There are three main methods by which a NJ case case can be resolved.  As will be discussed below, each method has its own pro’s and con’s andyou should be careful in selecting the approach that you will believe will work best for your case.  It is important to realize that these various approaches are not mutually exclusive and can be used in combination.  A skilled attorney should be competent in all available resolution techniques.  Recognizing that each divorce case is unique, not all resolution methodologies work in each situation.  If there is a Domestic Violence Restraining Order in place, your options may be limited.
Direct Negotiation

Many cases can be readily and properly resolved by direct negotiations between the parties and there attorneys.  This approach affords the litigants the greatest level of control over the proceding and the ultimate outcome.  However, it requires a high degree of cooperation between the parties.   Sadly, this dynamic is often absent in divorce proceedings.
Alternate Dispute Resolution

If and when direct negotions break down, or are not feasible, there are two primary methods of Alternate Dispute Resolution (ADR).  As with direct negotions, these paths require a high level of cooperation. The two main types of ADR are mediation and arbitration.
What is mediation?

Mediation is a voluntary process.  There is the court adminstered custody and parenting time mediation and there is private mediation where the parties select a mediator who can review the facts, consider the legal arguments and help facilitate a settlement.
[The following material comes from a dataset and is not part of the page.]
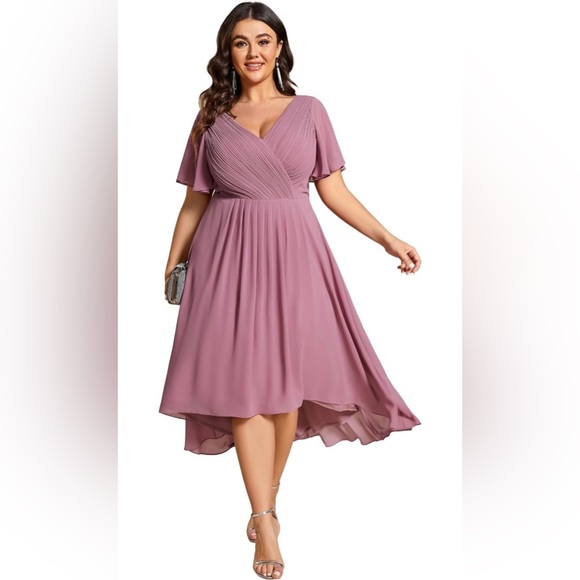 Ever-Pretty Women's A Line Ruched V Neck Short Sleeves Knee Length - Picture 1 of 6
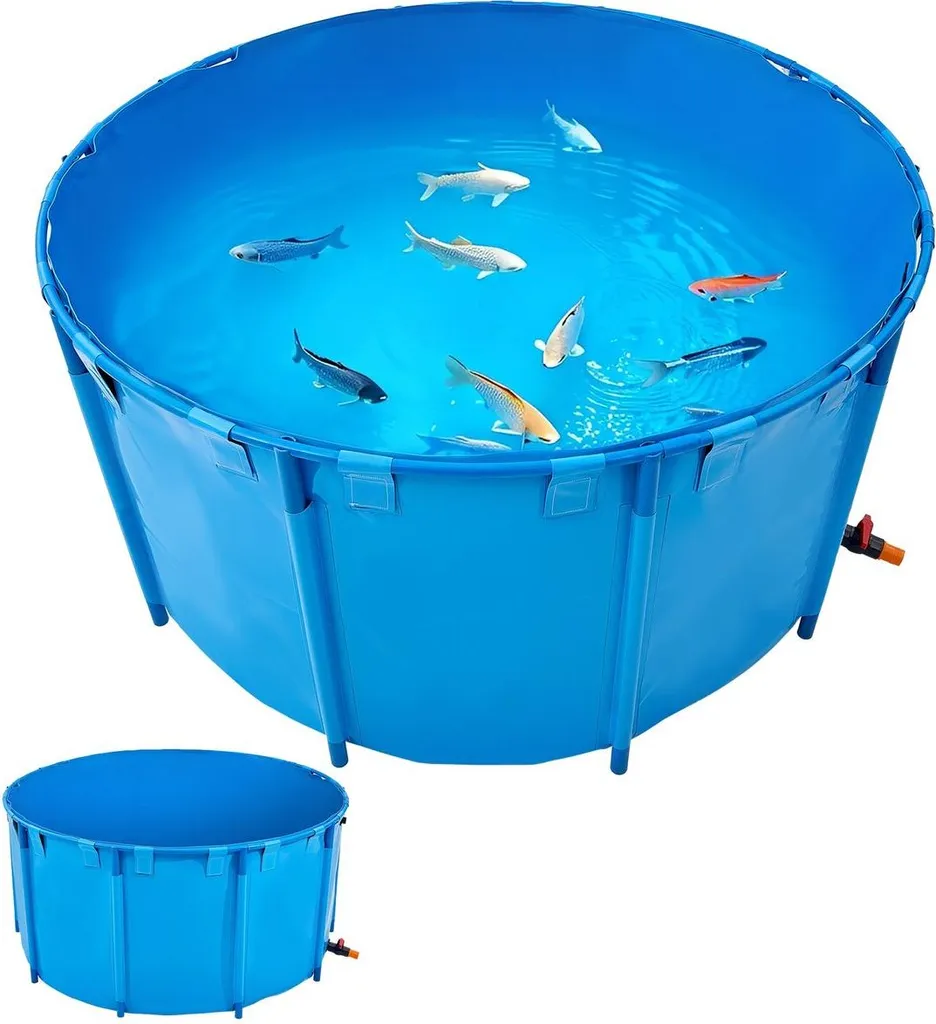 Piscine pour poissons hors sol 3100L avec structure renforcée bleue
The mediator works for both litigants and does not take sides.  Any recommendations offered by the mediator are non-binding.
What is arbitration?

Arbitration is another ADR option.  Unlike mediation, arbitration can result in a binding decision.  In arbitration, the parties are giving the arbitrator judge-like authority over their case.  Typically, the litigants and their attorneys will enter into an Arbitration Agreement that will define the issues to be addressed, the format of the proceedings.  The determinations of the arbitrator are typcially binding on the litigants.  
ADR can be a practical approach to resolving your divorce.  It can also lead to frustration, delay and additional expense.  Working with your attorney will allow you to selcet the resolution method best suited for your case.